There’s a point in some relationships where something happens. Something is said or done that catches you off guard, shocks you, makes you start questioning the person. Something so unexpected, long after you made yourself believe that nothing about this person could surprise you. But people surprise you, even someone you’ve known and loved all your life, who you thought could never act in certain manners, can turn around and do just that.
When this trust is betrayed, your image of this person is shattered. Some people are lucky, the shattered pieces may be large and few, easily able to be picked up and glued back together.
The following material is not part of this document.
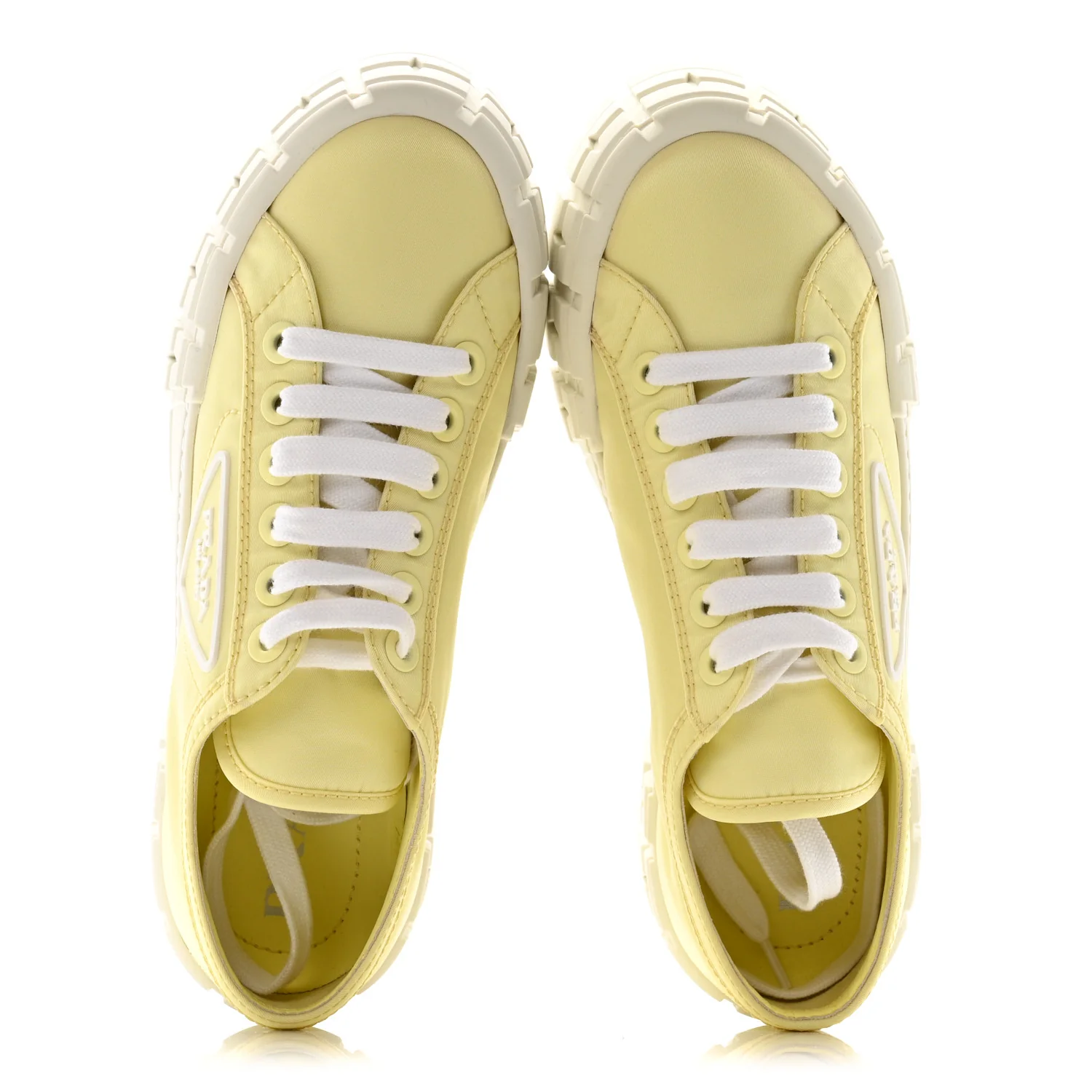 Re-Nylon Gabardine Triangle Logo Double Wheel 50mm Sneakers 38 Narciso - Image 2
It’s not the image you started with, it has its cracks and flaws, but it closely represents something you used to love, and might be able to love again.
Some people are unlucky, when their image is shattered, it falls to a million small pieces, and trying to pick them up will only result in you cutting yourself. You may look at the shattered pieces in disgust, wondering how you used to love something so broken, or you may sit there and cry, wanting so badly to put all the pieces back together, but the damage is beyond repair.
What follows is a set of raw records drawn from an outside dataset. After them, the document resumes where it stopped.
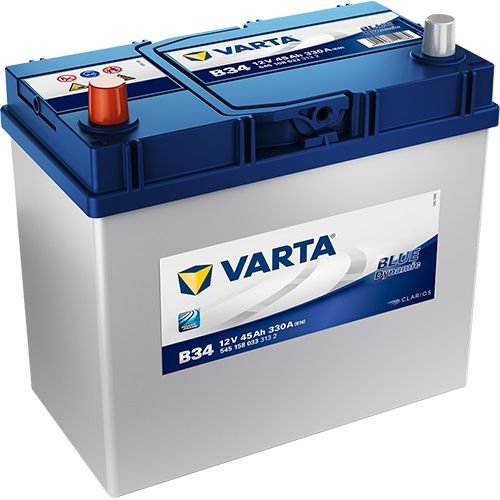 VARTA Blue Dynamic 5451580333132 Autobatterien, B34, 12 V, 45 Ah, 330 A
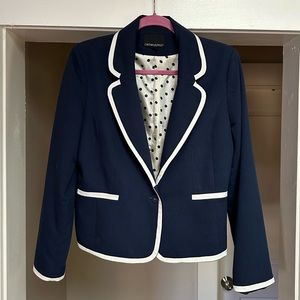Cynthia Rowley navy blue and white blazer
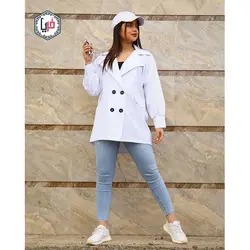 مانتو کتی چهاردکمه جیب دار کد 1166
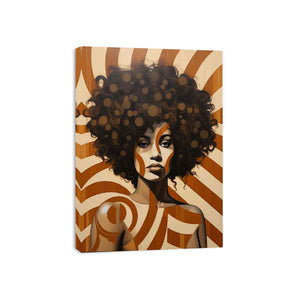Retro woman portrait canvas art with curly hair and warm geometric patterns for stylish decor.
Regardless of whether you learn to love that person again, whether you leave them in disgust or spend your whole life mourning their shattered image, one thing is unavoidable: CHANGE. Things will change, and you will never look at that person the same way again. You will never see them with innocence, with unconditional love. You may never look at anyone like that again. not yourself, not the world surrounding you. It’s the cycle of human pain. Nothing will ever be the same.
Ernest Hemingway once said ” I’m not brave anymore, darling. I’m all broken. They’ve broken me.”
I feel like Hemingway was going through my mind/thoughts when he said that. I’m afraid that I am broken beyond repair at this stage. I am a person who wants to be needed, and when no one needs me, I feel empty. You see, Im a paradox. I want to be happy, but I think of things that make me sad. I don’t like myself, but I also love who I am. I say I don’t care, but I really do. I crave attention, but reject it when it comes my way. Im a conflicted contradiction. If I can’t figure myself out, there no way anyone else has.